E a partir daqui entra-se nas trevas informativas. Mas afinal a rebelião com movimentação inicial de forças na fronteira entre a Ucrânia e a Rússia, caminhada para Rostov e posterior encaminhamento para Moscovo não tem explicação plausível, pelo menos à luz da reduzida informação que circulou na imprensa internacional. O silêncio ocidental sobre a matéria tanto pôde significar uma atitude de prudência e precaução face a uma evolução interna russa cujos contornos finais poderiam ser mais catastróficos do que a situação atual, como poderá sugerir, talvez de modo cabalístico acentuado, a presença de acordos inconfessáveis com conhecimento dos serviços secretos ocidentais.
A minha perplexidade começa neste ponto. Não consigo encontrar em tudo que foi publicado sobre a matéria uma explicação plausível para a rebelião. E, de certo modo, essa perplexidade alonga-se para o recuo observado nos movimentos do Grupo, sobretudo no âmbito de uma negociação que teve no líder da Bielorússia o principal protagonista, o que adensa todas as dúvidas. Como é que um líder de segunda, simples títere de Putin, aparece com tanta centralidade neste processo? O mistério adensa-se.
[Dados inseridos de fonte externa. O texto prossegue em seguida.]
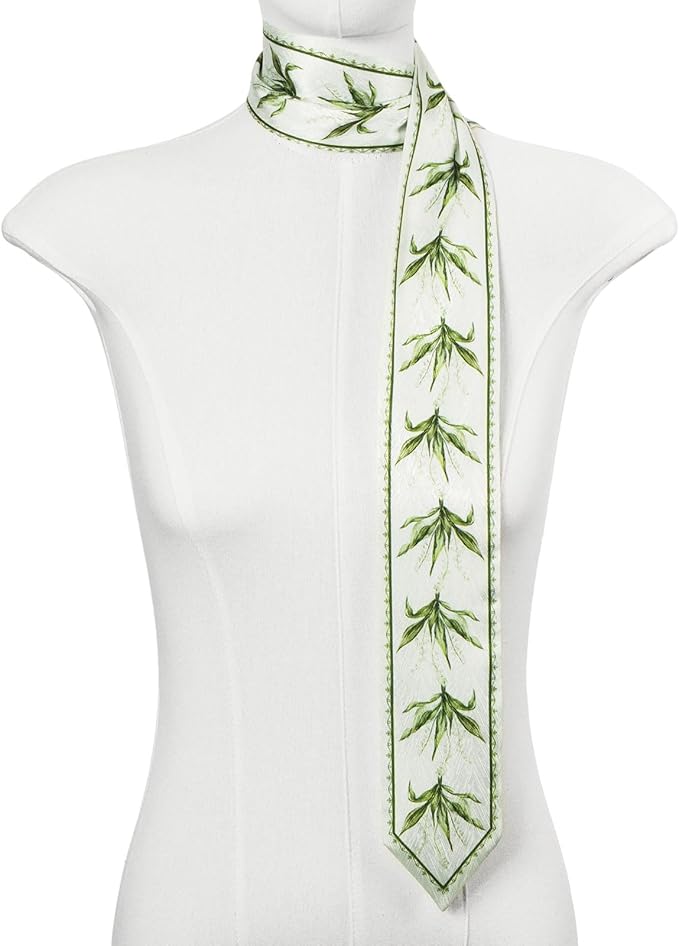 1 Pack Purse Scarf Handbags Skinny Twill Hair Scarves Narrow Neck Scarf Band Women Fashion Accessories Bag Charms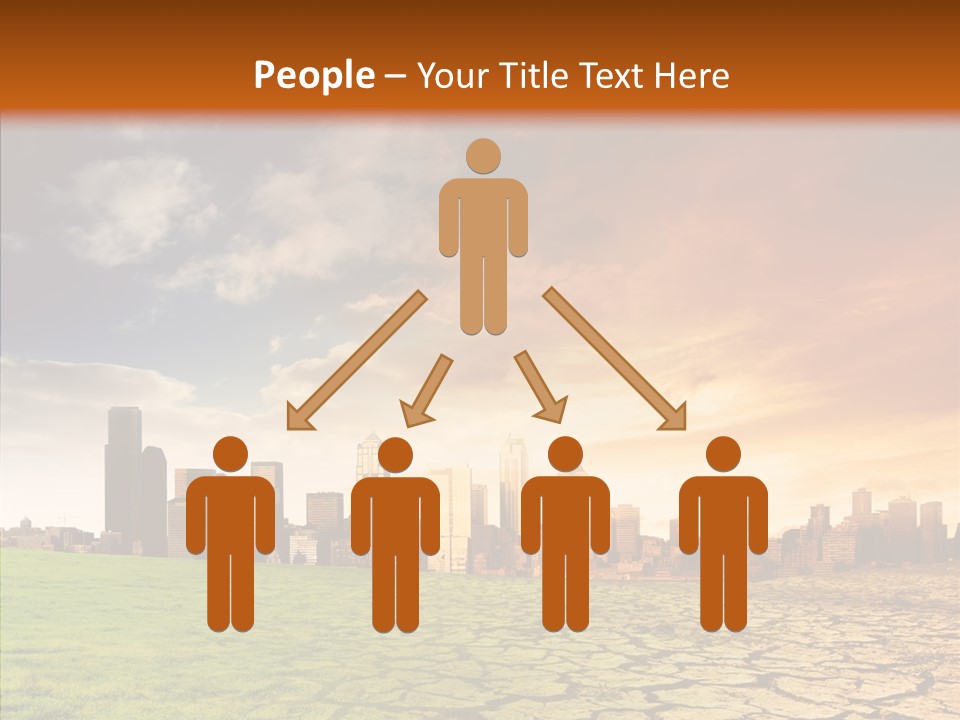 Landscape Dry Summer PowerPoint Template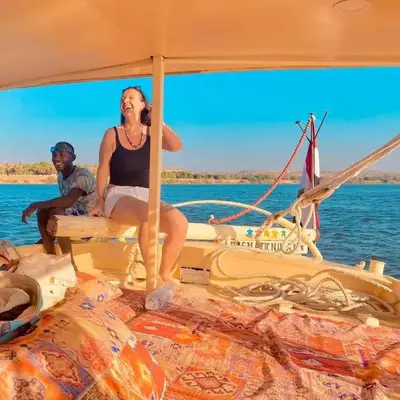 Felucca sailing boat from Aswan to komombo with private bathroom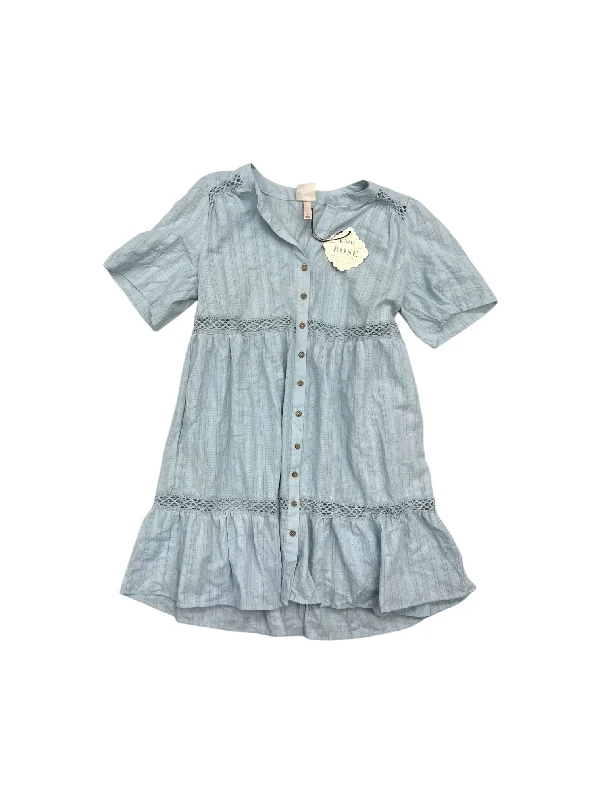 Deal of the Day Dress Casual Short By Knox Rose In Blue, Size: L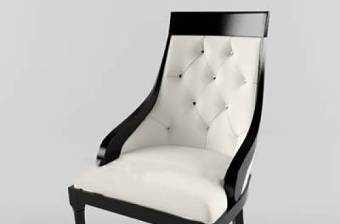 欧式皮革单椅餐椅3D模型下载下载 欧式皮革单椅餐椅3D模型下载下载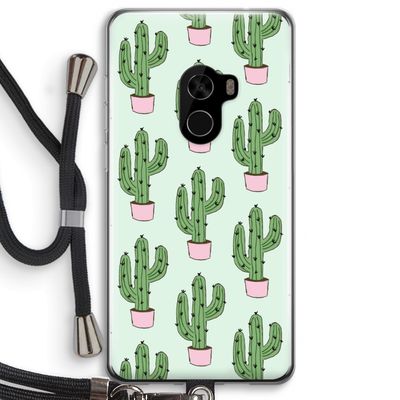 Cactus Lover: Xiaomi Mi Mix 2 Transparant Hoesje met koord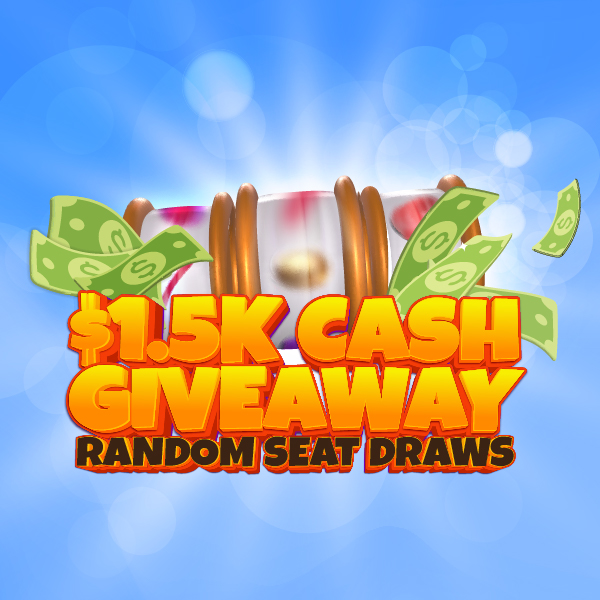 $1.5K Cash Giveaway Random Seat Draws - Chances Maple Ridge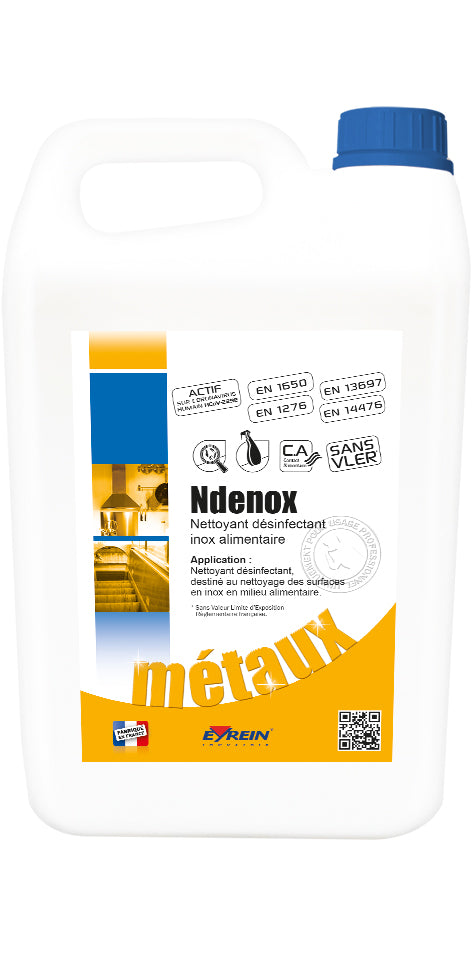 Eyrein Ndenox – Nettoyant et Désinfectant Inox Alimentaire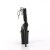 Pleaser FLAMINGO-827RS Sandales à plateforme Transparent Strass Noir EU-42 / US-12
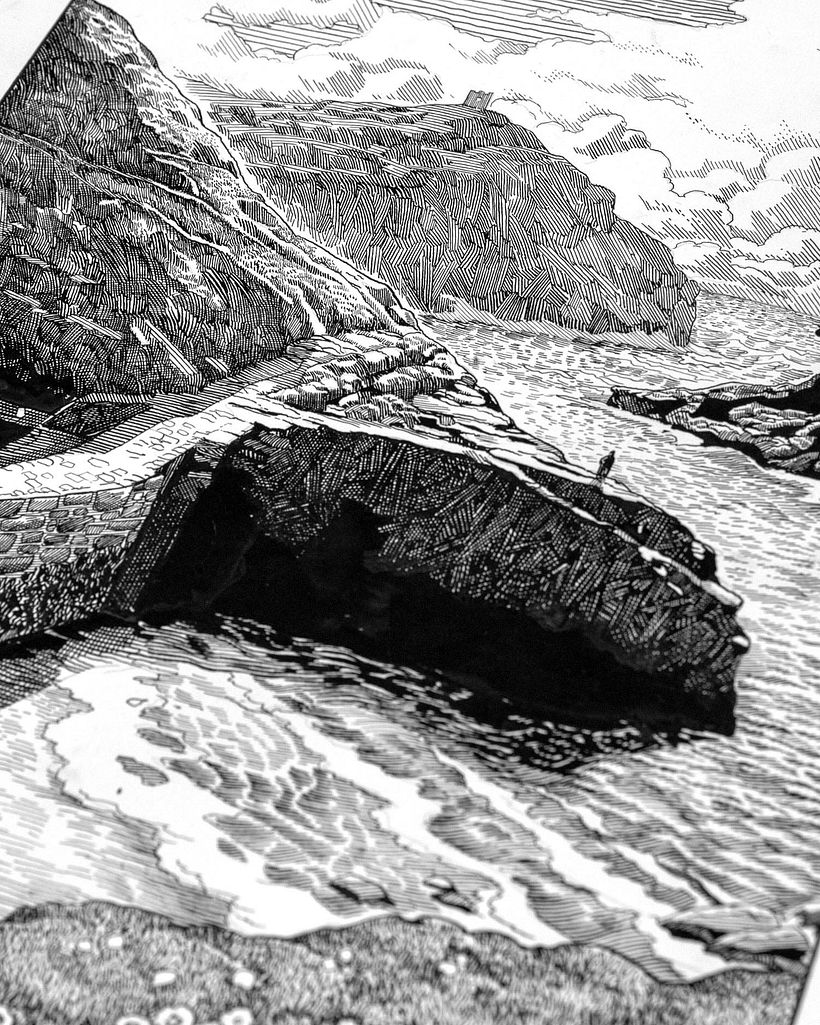 'Keeper of the Harbour' Pen and Ink Drawing  4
Mas a perplexidade não se queda por aqui. Como é possível que uma força visível no terreno e embora bem treinada e destemida como o Grupo Wagner avance com tanta facilidade pelo interior do território russo, apontando a Moscovo, como que operando num espaço vazio sem constrangimentos? Mesmo a ocupação de Rostov deu a impressão por vezes de uma larga encenação. Mas é esta a capacidade de defesa interna do regime russo? Uma larga anestesia parecer ter travado todas as possibilidades de defesa e reação, sendo necessário que tropas chechenas de Kadyrov se movimentassem para aparentemente ocupar o espaço da reação que as forças regulares russas não estavam a assegurar. Será que o regime com as suas contradições internas está por um fio e que a presença de ocupação na Ucrânia desbaratou energias internas? O que pensar de todo este imbróglio?
Só sei que estou cada vez confuso. Espanta-me a lata dos palradores de serviço dissimulando a sua própria ignorância. Ou seja, uma história global cada vez pior contada.